You are reading an excerpt from our e-book "88 Ways to Recruit International Students".
II. Armchair recruiting
Don’t underestimate what you can accomplish from your office in Dubuque, Syracuse or South Bend. Even if you are chained to your desk, figuratively we hope, you can pursue numerous recruitment strategies with potentially great payoff. If your institution is just beginning to explore international recruitment, many of these methods can help you wet your feet in the international sector. Or if your institution has already made inroads in some markets, these methods can help to cultivate additional regions. Let’s begin.
1. Website (see also Technology section)
This seems like a given, right? Of course you need a website. You may even wonder how we could have included something so obvious in our list. But, how much time have you spent on your university’s website lately? Is it accessible to students? Is it easy to navigate? Does your website feature dense text or exciting photos? Does it feature YouTube videos and links to Facebook and Twitter? Is it appealing and accessible to an international audience?
In order for your website to be used to its fullest potential, you must first make sure that it can be easily accessed by your target audience – international students, their parents and their teachers and counselors. Keep in mind that YouTube is blocked in China. Any fancy YouTube videos that appear on your site will not be accessible to your Chinese market.
It also helps to include website sections in your prospective students’ native languages. Certainly students you recruit should have an understanding of written English. However, their parents are often the decision makers (they are, after all, footing the bill), so including sections in Mandarin, for instance, will go a long way toward building a relationship with this constituency.
Parents around the world want to be proud of their children’s accomplishments. As university marketers, we need to give these parents information and data points they can and want to relay to friends and family about their children’s education choice abroad. The Ivy’s brand takes care of the “bragging rights.” Everybody else needs to work harder.
2. Email
What can we say? Email is a critical factor even if we all suffer from email overload. Email open rates have declined and students have shifted to alternative communication channels. Yet email remains a cost-effective channel for reaching prospective students.
Outside of India, the United Kingdom and Australia, you will encounter a language challenge in your use of emails. To address the Chinese market, adjust your email template by removing Facebook, Twitter and YouTube, or at least by adding a Chinese connection. We suggest adding QQ, a tool that combines micro blogging, Twitter and Skype. Chinese students use QQ to communicate with each other and with potential university choices.

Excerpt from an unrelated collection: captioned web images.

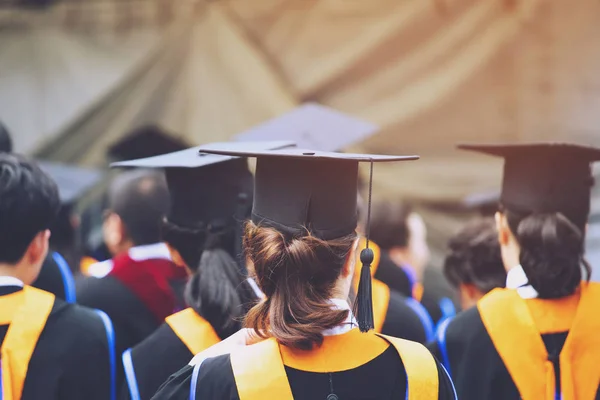 Grupo Graduados Durante Início Conceito Educação Parabéns Universidade Cerimônia Formatura — Fotografia de Stock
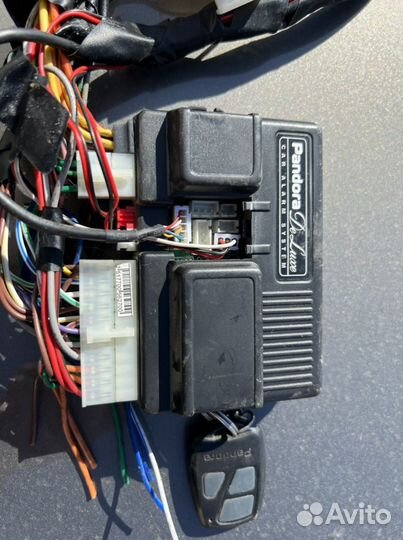 Сигнализация с автозапуском Pandora De Luxe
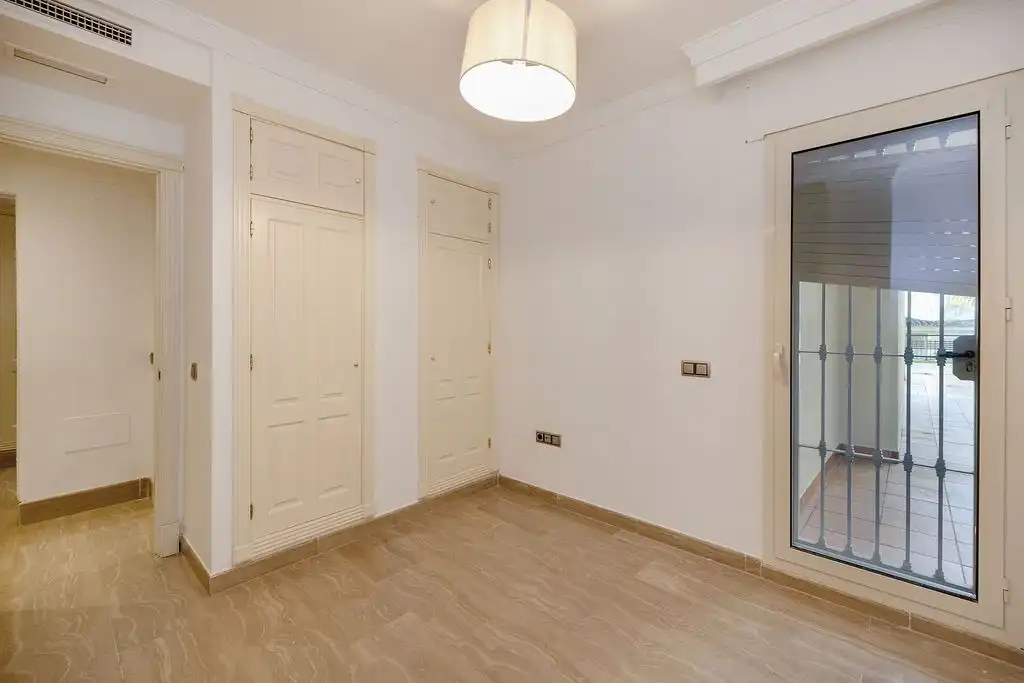 Wohnung zum Verkauf in Marbella mit Heizung, Terrasse und Gemeinschaftspool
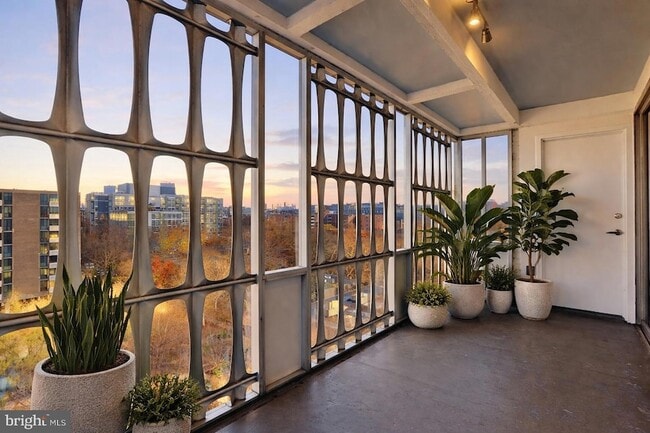 Building Photo - 1301 Delaware Ave SW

Our Intead Plus subscribers have access to our compendium of international student recruiting approaches: 88 Ways to Recruit International Students. Learn more here:
3. Timely and personalized responses to emails
Showing up counts. International students studying in the US repeatedly cited admission counselor and faculty responsiveness as the basis of their school selection. Our research makes this point clear. International students are making a decision to travel halfway across the world, typically sight unseen, to an institution of higher education. Given international student unfamiliarity with the campus, faculty, and location, institutions that promptly and personally interact with these students have a great advantage.
Student testimonials about their school selection further support the importance of this factor. When students have been admitted to more than one university of similar quality or ranking, the majority of students choose to matriculate at the institution that has been the most personal and responsive to their emails to faculty or admission offices.
While this may seem overwhelming to the overworked admission counselor or professor, a little goes a long way. If an international student takes the time to send an email, a prompt response reaps significant rewards.